Las Primeras Médicas Argentinas

A fines del siglo XIX optar por una profesión reservada al sexo masculino, como lo eran las Ciencias Médicas, fue una decisión de mujeres desafiantes y atrevidas, así Cecilia Grierson, Elvira Rawson, Petrona Eyle, María Teresa y Leonor Martínez Biso y quien nos convoca Julieta Lanteri, médica graduada en el país aprobando su tesis doctoral en 1907 con 8 puntos, siendo la primera italiana en alcanzar un título universitario en Argentina.

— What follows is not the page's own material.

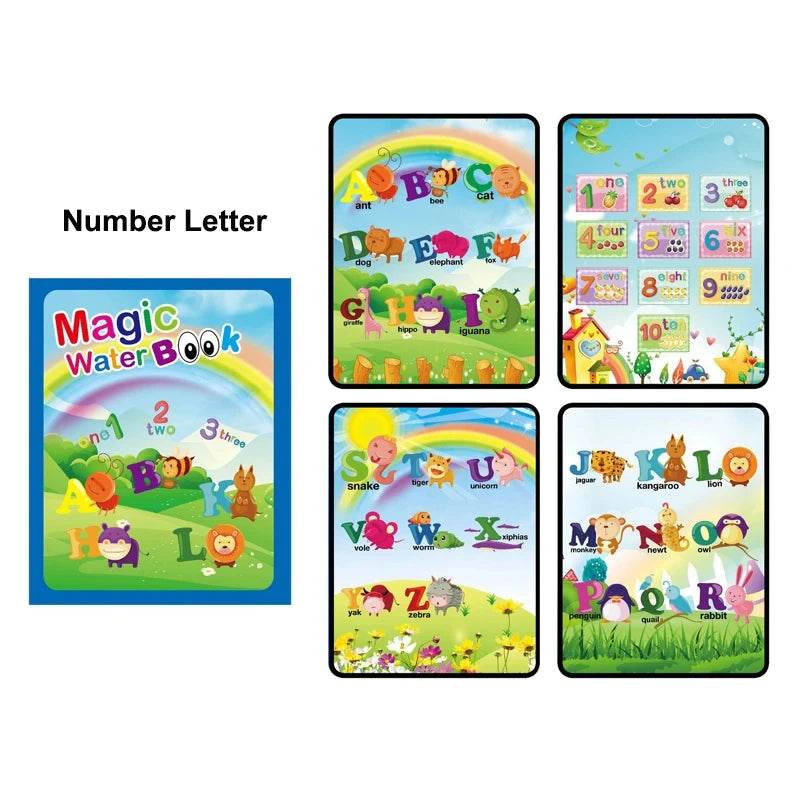Coloring Books Baby Magic Water Book Montessori Educational Toys Children 1 Year Reusable Painting Kids Games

Desarrolló una intensa carrera, puesta al servicio de la salud física y mental de sus semejantes, se especializó en enfermedades psíquicas de la mujer y el niño. A la par luchaba por lo que constituyó su mayor afán: lograr el sufragio femenino en nuestro país y el derecho de la mujer a los cargos electivos, haciendo de ello un verdadero apostolado.

Su llegada al país

 Julieta Lanteri, había nacido en Italia en 1873 y llegó con su familia a Buenos Aires al cumplir 6 años, cursó sus estudios primarios y al comenzar la escuela secundaria se inscribió en el Colegio Nacional de la Plata, siendo la primera vez que en aquel establecimiento se permitía en sus aulas la asistencia de una mujer.

 Los italianos constituían la inmigración más numerosa en la Argentina. Representando los 492.636 integrantes de esa colectividad el 48% del total de extranjeros en 1895. Si bien tenían oficios muy variados, solo el 1% ejercía profesiones liberales.  Julieta pertenecía a este reducido porcentaje.

 En 1896, ingresó a la  Facultad de Medicina, al finalizar la carrera peticionó su adscripción a la cátedra de enfermedades mentales, la que le fue negada “porque al ser italiana no reúne los requisitos” .


Su lucha
 
En 1910 Julieta Lanteri de Renshaw inició ante el Juzgado Nº 4, Secretaría 8 el trámite para solicitar la ciudadanía argentina. El juez federal interviniente falló favorablemente y entre otras consideraciones, hizo una comparación con las sociedades más avanzadas como Estados Unidos e Inglaterra, donde las mujeres tienen derechos políticos y civiles “sin llegar a los extremos de las feministas”, y finalmente se refirió al derecho constitucional que la asistía en su pedido.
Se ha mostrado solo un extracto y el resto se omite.